Keseluruhan dari dasar dan sumber hukum ekonomi merupakan suatu mukjizat
yang tetap adanya dalam artian hukum islam tidak dapat disamakan dengan hukum
pasang surut maupun hukum – hukum yang lainnya. Empat sumber hukum islam
diantaranya, Al Qur’an, Sunnah dan hadist, Ijma’, Qiyas dan ijtihad. Selanjutnya akan
dijelaskan dibawah ini sesuai dengan kegunaannya masing – masing.
a. Kitab suci AL Qur’an
Al Qur’an merupakan sumber hukum yang abadi dan asli karena merupakan
amanat yang sesungguhnya yang disampaikan oleh Allah melalui ucapan Nabi
Muhammad untuk membimbing umat manusia dimasa depan yang bersifat universal
dan fundamental. Berdasarkan hal tersebut sempat terjadi kesalah pahaman antar
pelajar tentang keberadaan Al Qur’an, dimana terdapat pertentangan apakah Al
Qur’an ini diciptakan atau tidak diciptakan. Sedangkan dari aliran Muktazilah dan ahli
pikir non muslim mempercayai bahwa Al Qur’an diciptakn dan bukanlah firman
Allah. Kepercayaan ini dinyatakan bahwa kitab suci ini dikirimkan kedalam hati Nabi
SAW, dengan demikian dituliskan dengan gaya bahasa Nabi SAW dari waktu ke
waktu. Tetapi lain halnya dengan sumber yang didapat dari Waliyullah dan iqbal
bahwasannya kitab suci itu tidak diciptakan melainkan amanah dari Allah kepada
Nabi SAW.
Tanpa adanya keraguan bahwa wahyu tersebut memanglah mengalir melalui
hati Nabi SAW yang berjangka waktu selam dua puluh tahun tetapi kata – kata serta
gaya bahasanya memiliki ide – ide yang tanpa kendali sadar Nabi SAW tanpa adanya
pikiran dari perantara. Kenyataannya bahwa kitab suci ini adalah catatan wahyu
universal yang disampaikan oleh Allah kepada Nabi Muhammad SAW yang tidak
berdaya untuk mengendalikan proses tersebut dengan sadar. Dengan demikian Al
Qur’an bukanlah diciptakan melainkan memang digunakan sebagai petunjuk oleh
umat manusia sepanjang zaman. Al Qur’an berbicara pada semua tingkatan dan
berusaha mencapai semua jenis pengertian, melalui perumpamaan, persamaan,
argumentasi, penelitian, pandangan, dan penelitian mengenai fenomena alam dan
hukum – hukum alam, moral dan spiritual. (Q.S, A Kahfi, 18,54-55). (Q.S, Az Zumar,
39 : 27), (Q.S, Al Hasyr, 59 : 22).
Apabila setiap pemikiran beranggapan bahwa wahyu Al Qur’an ini bersifat
kausal, maka sekian banyak orang akan dituntun dengan berbagai motif untuk
memperoleh perangkat norma dan nilai yang berbeda – beda sesuai dengan
kebutuhannya. Dengan demikian akan berpengaruh terhadap kerusakan dari wahyu
Al Qur’an yang bersifat universal tersebut. Dengan adanya hukum undang – undang
yang telah diciptaka oleh manusia yang perlakuannya banyak ketidakadilannya, lain
halnya dengan Al Qur’an yang memberikan penjelasan dengan kaidah – kaidah
hukum, sehingga membenarkan bahwa Al Qur’an bukan kitab undang – undang
dalam arti modern. Bukan juga merupakan ringkasan etika, selain mengemukakan hal
sepele juga membahas mengenai prinsip – prinsip pokok dan memiliki perhatian
bersifat ilahi dan cara agar umat manusia memperoleh pengetahuan tentang itu.

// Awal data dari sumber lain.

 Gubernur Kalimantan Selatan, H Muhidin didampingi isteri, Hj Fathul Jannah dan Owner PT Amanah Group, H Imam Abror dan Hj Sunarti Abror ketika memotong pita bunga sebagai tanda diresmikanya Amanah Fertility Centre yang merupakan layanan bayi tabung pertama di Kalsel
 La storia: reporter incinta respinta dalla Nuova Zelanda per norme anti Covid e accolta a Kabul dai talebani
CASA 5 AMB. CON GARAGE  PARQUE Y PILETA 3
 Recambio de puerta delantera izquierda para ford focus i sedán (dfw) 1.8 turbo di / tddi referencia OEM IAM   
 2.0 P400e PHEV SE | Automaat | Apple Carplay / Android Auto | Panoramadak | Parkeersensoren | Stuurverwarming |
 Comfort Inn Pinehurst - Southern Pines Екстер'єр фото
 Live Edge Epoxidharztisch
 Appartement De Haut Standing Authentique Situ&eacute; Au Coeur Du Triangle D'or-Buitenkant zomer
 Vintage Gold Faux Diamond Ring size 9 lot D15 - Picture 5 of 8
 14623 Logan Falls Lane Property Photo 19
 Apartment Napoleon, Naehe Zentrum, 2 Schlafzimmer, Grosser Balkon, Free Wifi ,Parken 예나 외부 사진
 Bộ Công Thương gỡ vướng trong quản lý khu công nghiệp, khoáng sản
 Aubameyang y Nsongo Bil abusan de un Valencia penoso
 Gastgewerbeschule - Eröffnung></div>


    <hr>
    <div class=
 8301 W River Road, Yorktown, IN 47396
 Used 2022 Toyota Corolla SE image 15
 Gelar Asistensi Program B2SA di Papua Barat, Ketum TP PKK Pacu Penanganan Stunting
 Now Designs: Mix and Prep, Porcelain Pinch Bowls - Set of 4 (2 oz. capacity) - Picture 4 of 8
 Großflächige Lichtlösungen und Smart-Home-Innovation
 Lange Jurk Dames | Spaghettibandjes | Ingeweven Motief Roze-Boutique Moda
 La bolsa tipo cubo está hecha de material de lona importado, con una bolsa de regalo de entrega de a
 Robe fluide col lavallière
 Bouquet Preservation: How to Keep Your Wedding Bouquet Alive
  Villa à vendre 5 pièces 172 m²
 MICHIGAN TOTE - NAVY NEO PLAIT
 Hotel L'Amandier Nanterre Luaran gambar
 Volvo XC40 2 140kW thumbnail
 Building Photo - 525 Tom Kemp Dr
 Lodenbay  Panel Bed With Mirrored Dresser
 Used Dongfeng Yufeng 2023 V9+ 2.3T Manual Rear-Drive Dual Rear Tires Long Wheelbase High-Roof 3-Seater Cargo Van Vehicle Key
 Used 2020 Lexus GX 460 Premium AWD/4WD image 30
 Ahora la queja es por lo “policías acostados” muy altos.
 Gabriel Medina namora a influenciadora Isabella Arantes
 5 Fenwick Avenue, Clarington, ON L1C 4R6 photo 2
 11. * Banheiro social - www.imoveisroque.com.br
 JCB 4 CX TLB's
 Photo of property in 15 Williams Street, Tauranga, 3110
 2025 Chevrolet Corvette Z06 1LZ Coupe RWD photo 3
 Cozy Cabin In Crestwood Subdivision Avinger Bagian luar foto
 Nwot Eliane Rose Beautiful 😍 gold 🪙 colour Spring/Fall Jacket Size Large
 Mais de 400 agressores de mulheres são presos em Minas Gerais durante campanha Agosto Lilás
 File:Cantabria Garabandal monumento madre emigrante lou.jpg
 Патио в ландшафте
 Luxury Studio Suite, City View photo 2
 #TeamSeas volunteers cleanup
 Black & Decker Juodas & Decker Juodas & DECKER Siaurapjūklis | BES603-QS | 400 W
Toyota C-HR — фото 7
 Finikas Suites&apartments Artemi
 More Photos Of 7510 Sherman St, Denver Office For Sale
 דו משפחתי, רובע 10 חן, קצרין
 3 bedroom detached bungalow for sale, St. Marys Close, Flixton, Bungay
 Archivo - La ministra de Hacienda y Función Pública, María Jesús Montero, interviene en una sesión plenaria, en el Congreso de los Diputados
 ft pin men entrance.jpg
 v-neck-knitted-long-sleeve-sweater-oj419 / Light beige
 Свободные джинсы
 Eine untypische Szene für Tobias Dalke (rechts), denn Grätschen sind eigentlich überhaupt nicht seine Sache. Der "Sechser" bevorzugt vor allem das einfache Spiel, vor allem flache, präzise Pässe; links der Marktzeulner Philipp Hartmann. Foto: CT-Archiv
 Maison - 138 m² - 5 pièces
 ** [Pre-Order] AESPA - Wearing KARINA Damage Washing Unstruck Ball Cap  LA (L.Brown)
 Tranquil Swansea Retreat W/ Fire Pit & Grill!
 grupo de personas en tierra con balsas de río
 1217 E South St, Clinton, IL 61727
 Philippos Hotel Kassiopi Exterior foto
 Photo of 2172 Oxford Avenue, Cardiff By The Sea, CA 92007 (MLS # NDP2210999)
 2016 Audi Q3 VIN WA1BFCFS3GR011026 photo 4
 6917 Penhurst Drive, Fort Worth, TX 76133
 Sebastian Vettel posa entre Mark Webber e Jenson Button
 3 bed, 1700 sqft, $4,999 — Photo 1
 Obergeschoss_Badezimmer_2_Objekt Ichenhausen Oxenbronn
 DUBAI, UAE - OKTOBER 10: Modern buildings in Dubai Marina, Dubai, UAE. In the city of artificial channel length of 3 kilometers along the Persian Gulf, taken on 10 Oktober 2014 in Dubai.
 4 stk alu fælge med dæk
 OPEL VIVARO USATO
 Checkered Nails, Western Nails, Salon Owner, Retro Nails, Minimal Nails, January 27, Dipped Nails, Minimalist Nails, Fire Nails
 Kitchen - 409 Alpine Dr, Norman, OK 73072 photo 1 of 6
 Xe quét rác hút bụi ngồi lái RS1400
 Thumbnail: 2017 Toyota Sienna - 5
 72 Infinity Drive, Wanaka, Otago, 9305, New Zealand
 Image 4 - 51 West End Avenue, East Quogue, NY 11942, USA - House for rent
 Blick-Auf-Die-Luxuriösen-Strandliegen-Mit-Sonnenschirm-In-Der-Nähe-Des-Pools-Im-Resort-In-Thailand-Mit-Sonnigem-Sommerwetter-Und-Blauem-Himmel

Pokok dari peningkatan kesejahteraan manusia di segala bidang telah disusun
dalam Al Qur’an (An Nahl, 16 : 90) yang diingatkan seperti :
“ Hai manusia, sesungguhnya telah datang kepadamu pelajaran dari Tuhan-mu
dan penyembuh bagi penyakit – penyakit dalam dada dan petunjuk serta rahmat bagi
orang – orang yang beriman. “ (Q. S, Yunus, 10 : 57)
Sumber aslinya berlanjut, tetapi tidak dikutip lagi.